Изменить размер шрифта:

– Надо им тоже купить верблюдов, – сказал сквайр. – Не пойдут же они пешком…

– Уже купили, – ответил Платон. – А сейчас надо подготовить наших матросов…

Скоро сквайр и доктор, стоящие на палубе, наблюдали, как Платон со снисходительным видом капрала, объясняющего что-то новобранцам, демонстрировал матросам особенности повязывания тагельмуста. Закрутив этим большим куском ткани голову и оставив под подбородком небольшую петлю ткани, он сказал, разведя руки в стороны:

– Нет в воздухе песка – можете радоваться и дышать, как хотите… Но если поднялся песок…

Тут Платон ловко надвинул петлю на лицо и закрыл тканью рот и нос, оставив открытыми только глаза. Матросы усердно стали повторять за ним все движения.

Мистер Трелони повернулся к доктору Леггу.

– Доктор, а вы не забыли, как повязывается тагельмуст? – спросил он.

– Конечно, не забыл, – ответил доктор ворчливо. – Я вам не мальчик… Что вы спрашиваете, дружище?..

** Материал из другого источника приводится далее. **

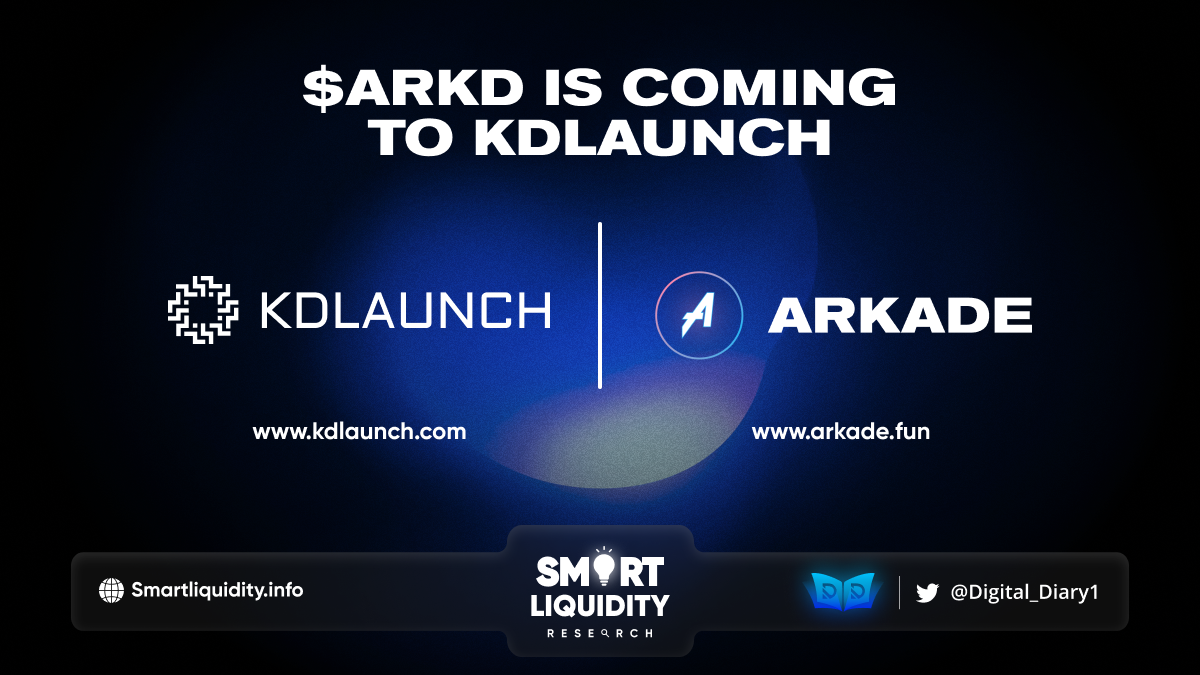 Arcade $ARKD is coming to KDLaunch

А потом настало утро, когда караван вышел из Сен-Луи и когда джентльмены познакомились с малламом Ламином. На площади перед рынком их приветствовал на хорошем английском языке высокий чернокожий старик, одетый в рубаху, штаны до колен и белоснежный бубу, который доходил ему почти до щиколоток и имел нереально большие прорези в качестве рукавов. Очень чёрная даже по африканским меркам кожа старика напоминала потёртый и измятый шёлк или атлас без блеска, его большие чёрные глаза светились лукавством и умом, не слишком густые седые брови странным образом подчёркивали их хитрый блеск. Худую вытянутую фигуру нового проводника венчала, именно венчала, гордая голова в тюрбане. Держался старик спокойно и с большим достоинством.

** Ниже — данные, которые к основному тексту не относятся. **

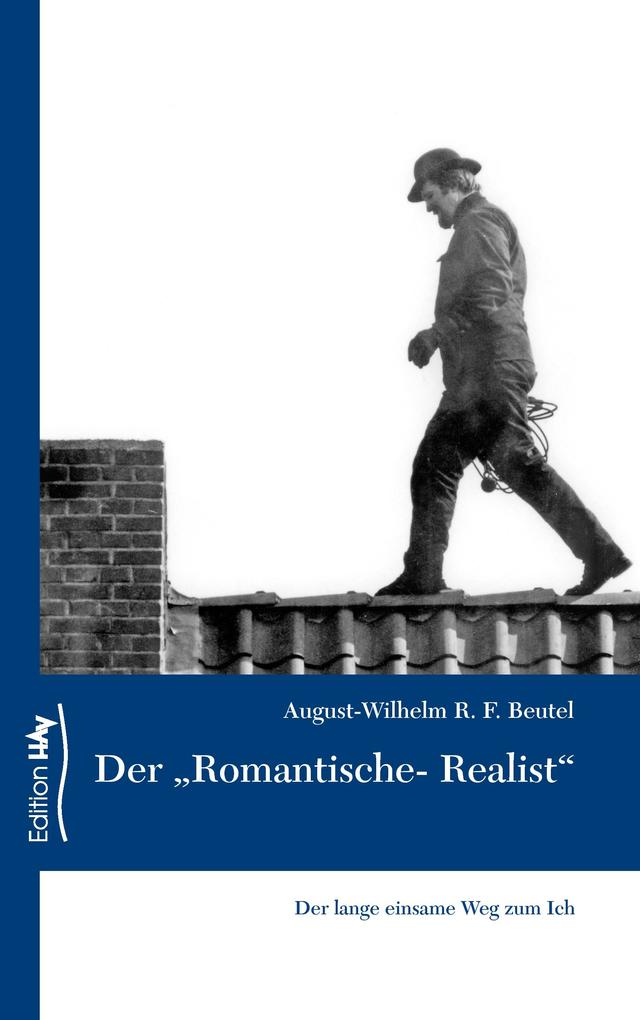 Der 'Romantische-Realist'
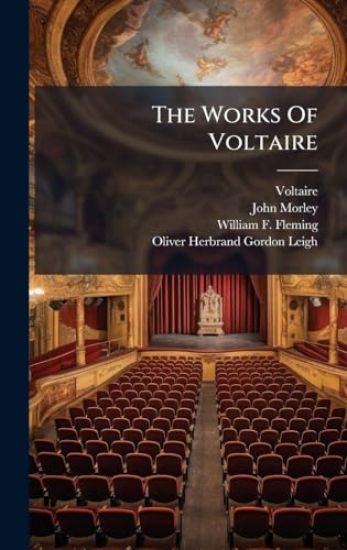The Works Of Voltaire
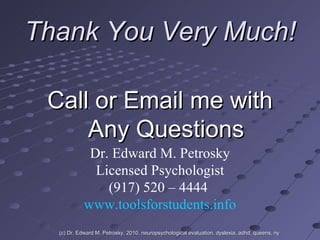 Thank You Very Much! Call or Email me with Any Questions Dr. Edward M. Petrosky Licensed Psychologist (917) 520 – 4444  www.toolsforstudents.info (c) Dr. Edward M. Petrosky, 2010, neuropsychological evaluation, dyslexia, adhd, queens, ny 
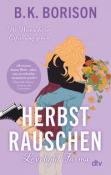 B. K. Borison: Lovelight Farms - Herbstrauschen - Taschenbuch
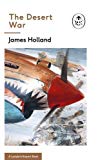 The Desert War: Book 4 of the Ladybird Expert History of the Second World War...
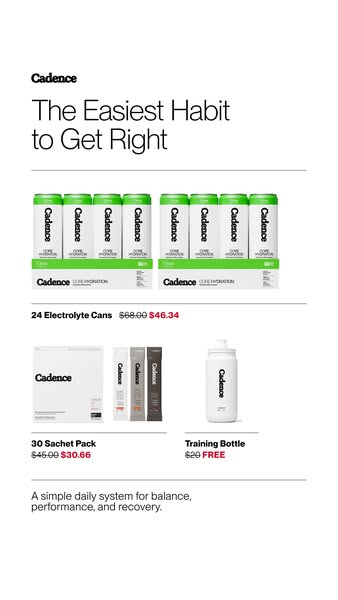 Ad for Cadence hydration products, including electrolyte cans, sachet packs, and a training bottle. It highlights the ea
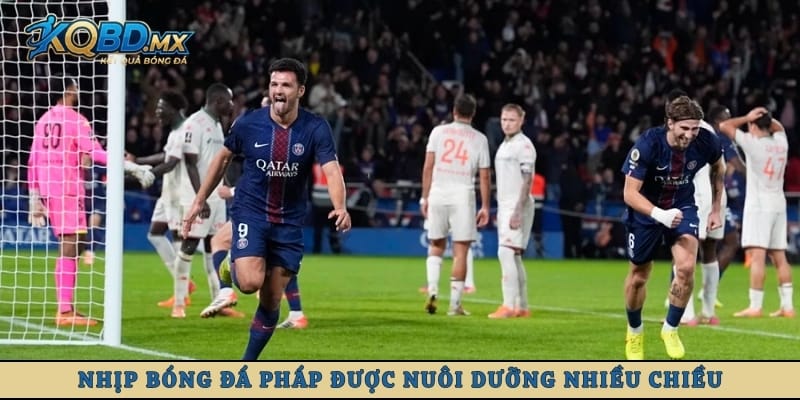 Nhịp bóng đá Pháp được nuôi dưỡng nhiều chiều
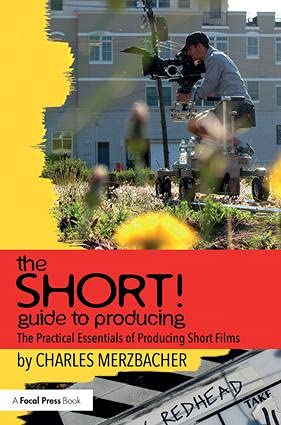 The SHORT! Guide to Producing: The Practical Essentials of Producing Short Films      1st Edition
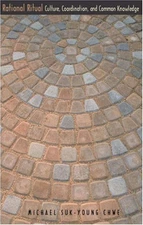 Rational Ritual : Culture, Coordination, and Common Knowledge Har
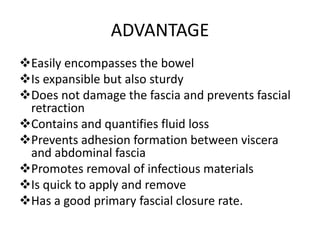 ADVANTAGE
Easily encompasses the bowel
Is expansible but also sturdy
Does not damage the fascia and prevents fascial
retraction
Contains and quantifies fluid loss
Prevents adhesion formation between viscera
and abdominal fascia
Promotes removal of infectious materials
Is quick to apply and remove
Has a good primary fascial closure rate.
 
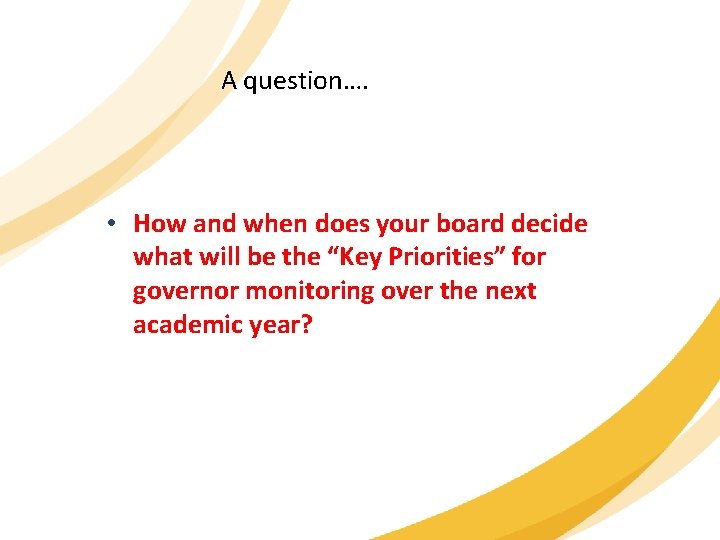 A question…. • How and when does your board decide what will be the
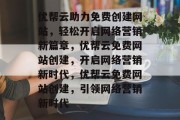 优帮云助力免费创建网站，轻松开启网络营销新篇章，优帮云免费网站创建，开启网络营销新时代，优帮云免费网站创建，引领网络营销新时代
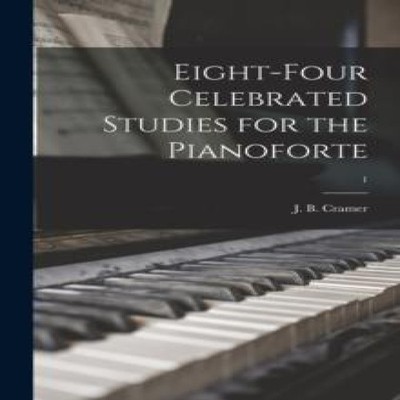 Eight-four Celebrated Studies for the Pianoforte 1 Creative Media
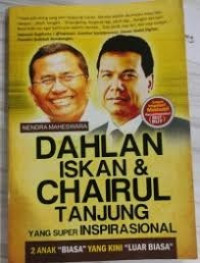 Image of DAHLAN ISKAN DAN CHAIRUL TANJUNG YANG SUPER INSPIRASIONAL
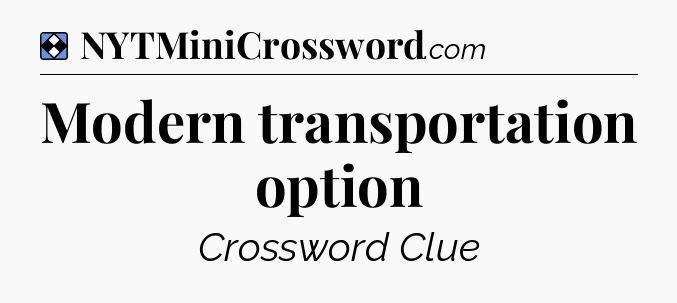 Solution: Modern transportation option - NYT Mini Crossword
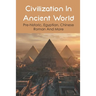 Civilization In Ancient World: Pre-historic, Egyptian, Chinese, Roman And More: Industrial Revolution 1800-1900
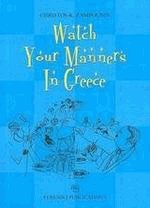 Watch your manners in Greece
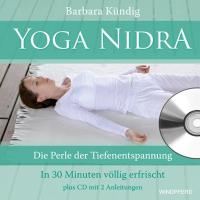 Yoga Nidra - Die Perle der Tiefenentspannung [Book+CD] Kündig, Barbara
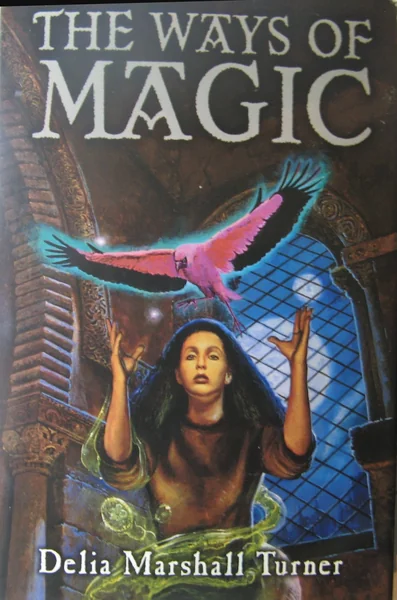 THE WAYS OF MAGIC: Nameless Magery; Of Swords and Spells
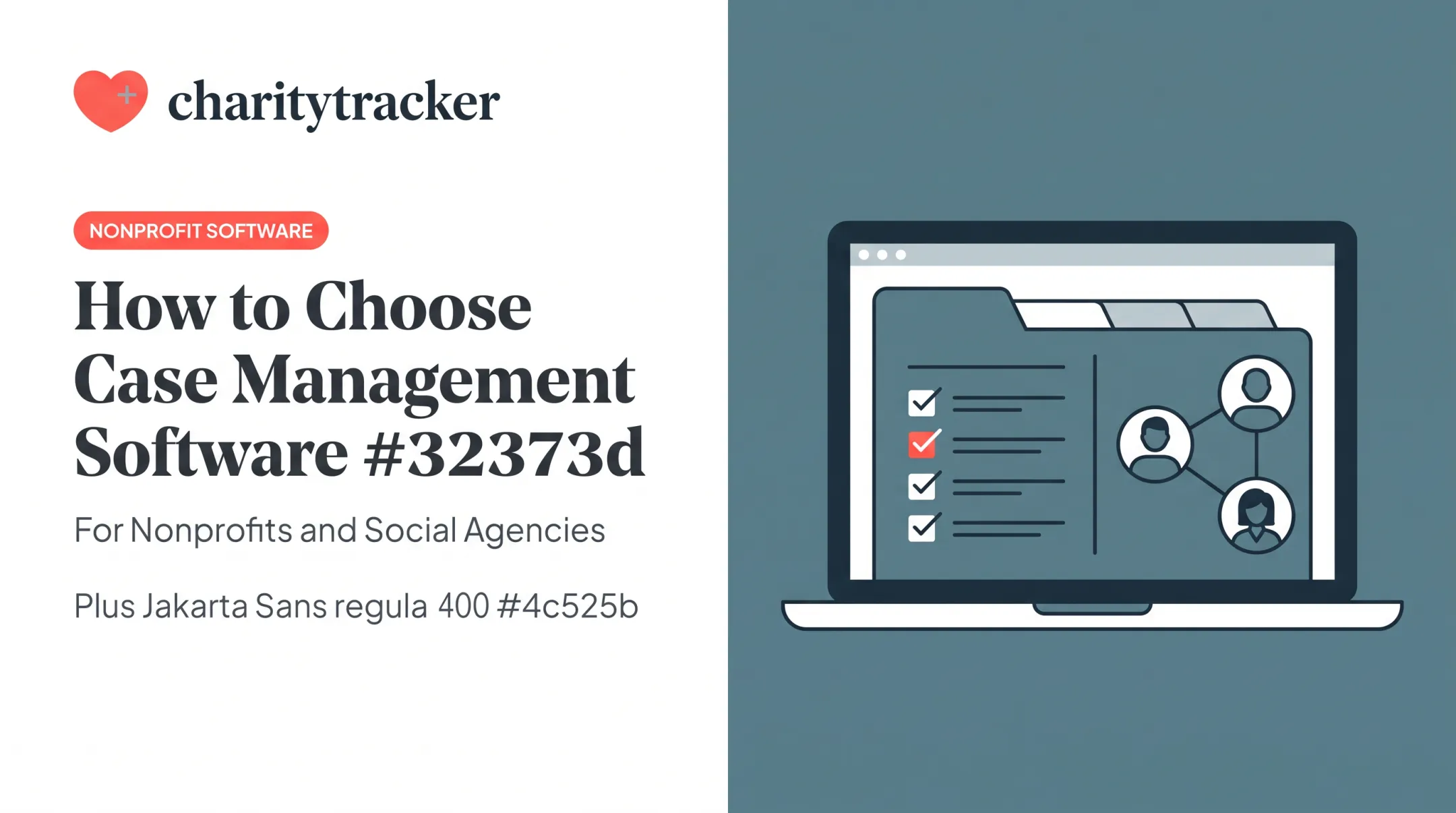 How to Choose Case Management Software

Сквайр и доктор с некоторым изумлением узнали в этом старике того полуголого чернокожего, который, как дятел, тюкал топориком по бревну, выдалбливая лодку в их первый день пребывания в Сен-Луи.

****

Сначала караван шёл по побережью, которое представляло собой бесконечную цепь песчаных дюн, заросших невысоким кустарником. Это была странная граница трёх стихий – неба, песка и океана. Как ни старался старший погонщик направлять караван дальше от воды, но даже в полный штиль волны прилива прорывались далеко в пустыню и лизали копыта верблюдов… Глядя на дюны, мистер Трелони думал, что эти неподвижные песчаные волны, тысячелетиями сдерживающие нескончаемые удары океана, создают пейзаж без всяких признаков жизни до самого горизонта – только остовы редких разбитых лодок и выбеленные солнцем скелеты верблюдов, погибших здесь, не иначе, как от жажды, виднелись окрест.

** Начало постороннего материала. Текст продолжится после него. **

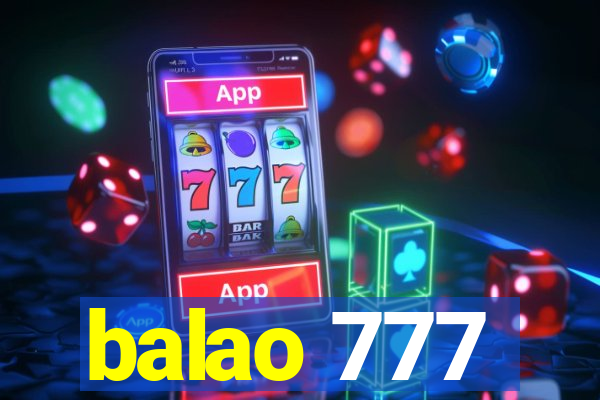 balao 777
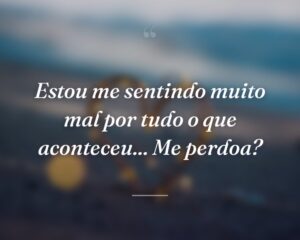 Estou me sentindo muito mal por tudo o que aconteceu... Me perdoa?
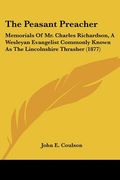 the peasant preacher: memorials of mr. charles richardson, a wesleyan evangelist commonly known as the lincolnshire thrasher (1877) (en Inglés)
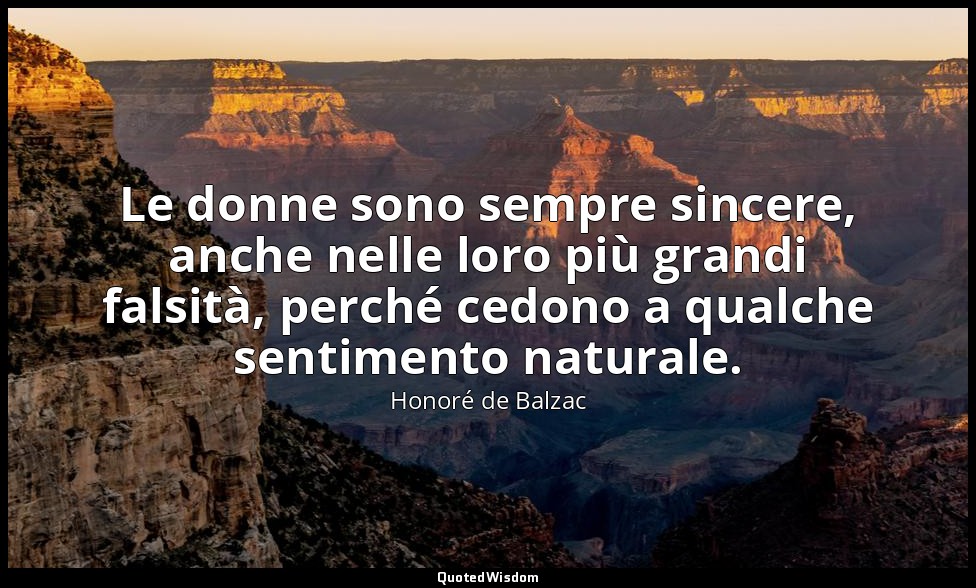 Le donne sono sempre sincere, anche nelle loro più grandi falsità, perché cedono — Honoré de Balzac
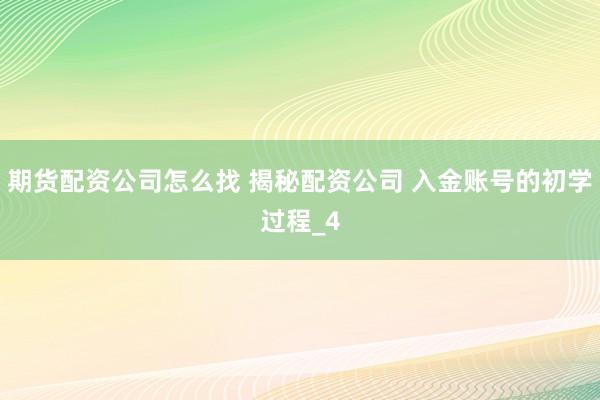 期货配资公司怎么找 揭秘配资公司 入金账号的初学过程_4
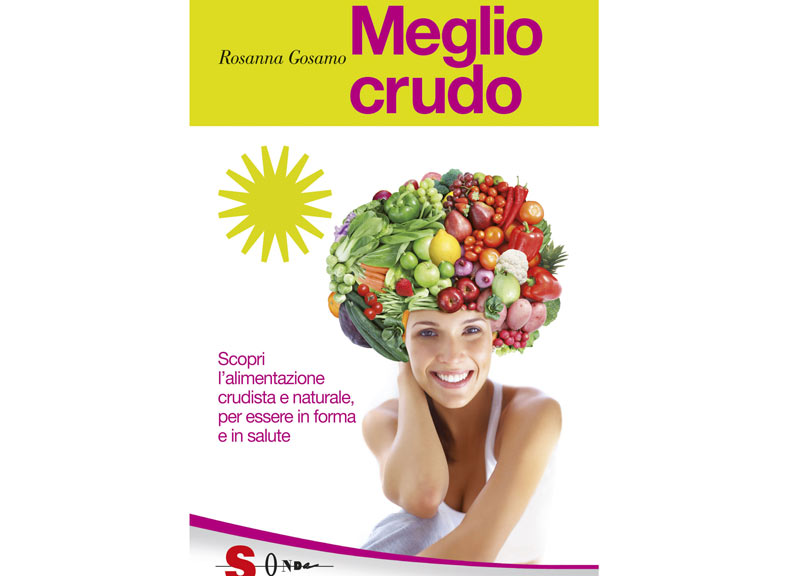 A tavola? “Meglio crudo”. Parola di Rosanna Gosamo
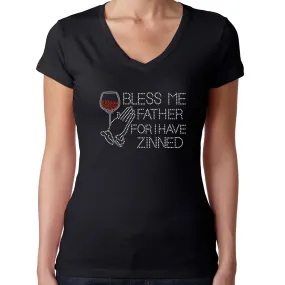 Womens T-Shirt Rhinestone Bling Black Fitted Tee Bless Me I Have Zinned Wine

Соседствующие друг с другом прибрежные дюны были разных цветов – рядом с белой песчаной горой высилась рыжая, а рядом с рыжей покоилась почти розовая, и это была не игра света. Песок по цвету действительно различался, почему-то в дюнах не перемешиваясь. И песок везде был полноправный хозяин, особенно днём, когда глазам было больно смотреть на дрожащее впереди белёсое марево, и когда пот растекался по плечам и лицу, обтянутому иссыхающей кожей.

Утром второго дня караван повернул от океана и поднялся на вершину песчаного холма, откуда вся местность, сбежавшая вниз, открылась, как на ладони – такие же песчаные холмы уходили вдаль без конца и без края. Мистер Трелони понял, что очутившись в этом первозданном, отчуждённом мире, красота которого складывается из тишины и суровости, он вдруг оказался весь в его власти – во власти бескрайнего неба, бесконечного сыпучего песка и облаков странной формы, медленно ползущих, казалось, из самого сердца Африки.

Сквайр отъехал в сторону, остановил верблюда и, обернувшись в седле, посмотрел на океан – океан всё так же безучастно катил свои воды, зализывая следы, оставленные караваном.

Скоро пошли соляные озера, и уже почти высохшие, и ещё сохраняющие водную поверхность, с которой при приближении каравана взлетали стаи пеликанов – эти огромные белые птицы совершали сначала несколько прыжков по воде, потом с шумом били крыльями по водной глади и только тогда взлетали. Бакланы, между тем, продолжали сидеть на остовах деревьев и, казалось, провожали пеликанов удивлёнными взглядами.

Караван шёл по неширокой утрамбованной ногами путников дороге, изредка обозначенной кучками наваленных в беспорядке камней. Сойти с этой дороги грозило опасностью провалиться по колено в вонючий чёрный ил: по мере продвижения на юг земля всё ещё оставалась заболоченной, неплодородной.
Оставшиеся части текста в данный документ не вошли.